Crawled caption data:
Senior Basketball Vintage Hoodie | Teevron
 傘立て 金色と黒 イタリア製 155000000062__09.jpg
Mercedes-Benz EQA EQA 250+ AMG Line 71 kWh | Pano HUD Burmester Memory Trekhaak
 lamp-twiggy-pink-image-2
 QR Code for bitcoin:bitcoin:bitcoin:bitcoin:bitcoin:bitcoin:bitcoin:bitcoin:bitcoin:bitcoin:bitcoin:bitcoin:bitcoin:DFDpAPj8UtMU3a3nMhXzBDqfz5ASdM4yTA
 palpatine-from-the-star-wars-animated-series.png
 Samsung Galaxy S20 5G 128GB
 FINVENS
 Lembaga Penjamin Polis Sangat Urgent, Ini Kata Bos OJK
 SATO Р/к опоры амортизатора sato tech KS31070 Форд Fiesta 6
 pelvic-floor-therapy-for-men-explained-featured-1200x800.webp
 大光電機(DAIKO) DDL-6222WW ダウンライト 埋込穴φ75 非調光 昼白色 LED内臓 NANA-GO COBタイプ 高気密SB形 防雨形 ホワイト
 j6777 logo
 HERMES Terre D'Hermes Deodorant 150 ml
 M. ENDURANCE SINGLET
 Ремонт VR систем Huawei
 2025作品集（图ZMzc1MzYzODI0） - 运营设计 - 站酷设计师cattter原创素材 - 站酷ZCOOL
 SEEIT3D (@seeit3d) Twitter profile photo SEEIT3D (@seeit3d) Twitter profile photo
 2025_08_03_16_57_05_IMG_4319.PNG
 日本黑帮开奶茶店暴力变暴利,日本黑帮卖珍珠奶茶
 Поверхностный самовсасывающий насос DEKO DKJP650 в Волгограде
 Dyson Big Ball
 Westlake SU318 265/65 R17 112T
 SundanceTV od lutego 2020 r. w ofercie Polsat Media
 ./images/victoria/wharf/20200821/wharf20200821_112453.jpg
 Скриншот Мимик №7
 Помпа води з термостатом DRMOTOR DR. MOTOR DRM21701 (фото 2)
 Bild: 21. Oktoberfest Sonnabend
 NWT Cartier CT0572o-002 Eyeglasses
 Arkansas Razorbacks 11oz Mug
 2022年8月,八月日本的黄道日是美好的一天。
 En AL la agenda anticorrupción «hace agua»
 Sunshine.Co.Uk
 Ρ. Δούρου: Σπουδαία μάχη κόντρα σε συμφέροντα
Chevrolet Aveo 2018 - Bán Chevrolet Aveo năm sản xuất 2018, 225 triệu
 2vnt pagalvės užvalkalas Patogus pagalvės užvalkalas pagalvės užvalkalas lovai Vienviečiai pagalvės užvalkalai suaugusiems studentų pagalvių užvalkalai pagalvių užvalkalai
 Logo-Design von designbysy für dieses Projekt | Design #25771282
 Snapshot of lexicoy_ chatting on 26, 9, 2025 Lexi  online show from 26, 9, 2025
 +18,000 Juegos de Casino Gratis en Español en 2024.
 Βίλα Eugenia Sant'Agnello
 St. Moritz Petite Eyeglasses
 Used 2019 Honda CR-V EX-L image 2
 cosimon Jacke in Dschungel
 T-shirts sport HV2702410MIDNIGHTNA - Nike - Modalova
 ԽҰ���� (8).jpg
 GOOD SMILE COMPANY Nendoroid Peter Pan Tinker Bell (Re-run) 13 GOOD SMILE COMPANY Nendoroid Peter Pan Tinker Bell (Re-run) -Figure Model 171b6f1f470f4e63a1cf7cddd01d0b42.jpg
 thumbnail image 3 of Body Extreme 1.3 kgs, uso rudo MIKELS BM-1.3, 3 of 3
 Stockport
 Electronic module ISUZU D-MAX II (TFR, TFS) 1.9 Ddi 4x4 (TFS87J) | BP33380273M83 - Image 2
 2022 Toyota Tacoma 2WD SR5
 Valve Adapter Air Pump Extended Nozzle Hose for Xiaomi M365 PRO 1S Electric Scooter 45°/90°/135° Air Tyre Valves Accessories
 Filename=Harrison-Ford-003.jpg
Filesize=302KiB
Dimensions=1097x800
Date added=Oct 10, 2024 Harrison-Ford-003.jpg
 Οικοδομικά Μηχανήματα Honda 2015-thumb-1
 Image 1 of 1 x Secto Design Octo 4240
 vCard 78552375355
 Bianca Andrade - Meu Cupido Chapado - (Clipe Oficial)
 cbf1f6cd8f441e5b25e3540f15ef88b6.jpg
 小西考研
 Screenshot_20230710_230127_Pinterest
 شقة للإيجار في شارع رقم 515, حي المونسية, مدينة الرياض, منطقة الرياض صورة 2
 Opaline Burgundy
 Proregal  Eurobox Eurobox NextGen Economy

What to do: Set down the lines above exactly as written. Begin at the line containing "Βίλα Eugenia Sant'Agnello" and stop after the last line.

Worked solution:
 Βίλα Eugenia Sant'Agnello
 St. Moritz Petite Eyeglasses
 Used 2019 Honda CR-V EX-L image 2
 cosimon Jacke in Dschungel
 T-shirts sport HV2702410MIDNIGHTNA - Nike - Modalova
 ԽҰ���� (8).jpg
 GOOD SMILE COMPANY Nendoroid Peter Pan Tinker Bell (Re-run) 13 GOOD SMILE COMPANY Nendoroid Peter Pan Tinker Bell (Re-run) -Figure Model 171b6f1f470f4e63a1cf7cddd01d0b42.jpg
 thumbnail image 3 of Body Extreme 1.3 kgs, uso rudo MIKELS BM-1.3, 3 of 3
 Stockport
 Electronic module ISUZU D-MAX II (TFR, TFS) 1.9 Ddi 4x4 (TFS87J) | BP33380273M83 - Image 2
 2022 Toyota Tacoma 2WD SR5
 Valve Adapter Air Pump Extended Nozzle Hose for Xiaomi M365 PRO 1S Electric Scooter 45°/90°/135° Air Tyre Valves Accessories
 Filename=Harrison-Ford-003.jpg
Filesize=302KiB
Dimensions=1097x800
Date added=Oct 10, 2024 Harrison-Ford-003.jpg
 Οικοδομικά Μηχανήματα Honda 2015-thumb-1
 Image 1 of 1 x Secto Design Octo 4240
 vCard 78552375355
 Bianca Andrade - Meu Cupido Chapado - (Clipe Oficial)
 cbf1f6cd8f441e5b25e3540f15ef88b6.jpg
 小西考研
 Screenshot_20230710_230127_Pinterest
 شقة للإيجار في شارع رقم 515, حي المونسية, مدينة الرياض, منطقة الرياض صورة 2
 Opaline Burgundy
 Proregal  Eurobox Eurobox NextGen Economy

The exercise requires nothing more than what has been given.